Nancy: 16 years in Hudson valley (no. suburban NYC), then Providence, Boston, now Californian by preference and adoption. Though surrounded by it, I didn't ever fully use the accent of the region where I grew up (thankfully) though neither did I fully pick up a west coast accent later on. People who hear my accent now usually identify it as vaguely east coast.

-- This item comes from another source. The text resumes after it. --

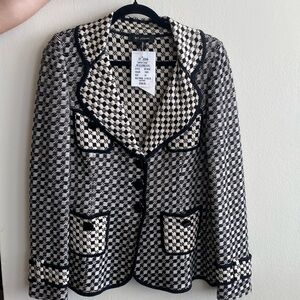 NWT St. John Cashwool Jacket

Claudia: very perceptive. I also pronounce it that way when speaking English. In AE we put the stress on the 3rd syllable -O- which means that syllable 2 (-ra-) is unstressed and therefore by the phonetic rules of English would normally be a schwa sound (sound of 'a' in 'about'), but this is awkward and we don't handle unstressed-a plus o very well. As search of Websters 1913 unabridged using regular expressions turns up only 12 different roots, many of which we simply ignore the unstressed 'a', for example Pharaoh and extraordinary (some dialects). For some reason, in words with a combining prefix with a secondary stress (like supra-, infra-, etc.) I do pronounce both the 'a' and the 'o', e.g.: infraocular, supraoccipital.
By the way, this is a great source for research, because regular expression searches are a great way to answer many kinds of questions. Here's a standard English parlor-game type question you can try:
What English word or words have all five vowels (aeiou) in the word, in alphabetical order? There are two common ones, and several others.
To find the answer, go to http://www.dict.org/bin/Dict
and search for
^[^ aeiou]*a[^ aeiou]*e[^ aeiou]*i[^ aeiou]*o[^ aeiou]*u[^ aeiou]*$
using Old basic regular expressions and Webster's unabridged 1913.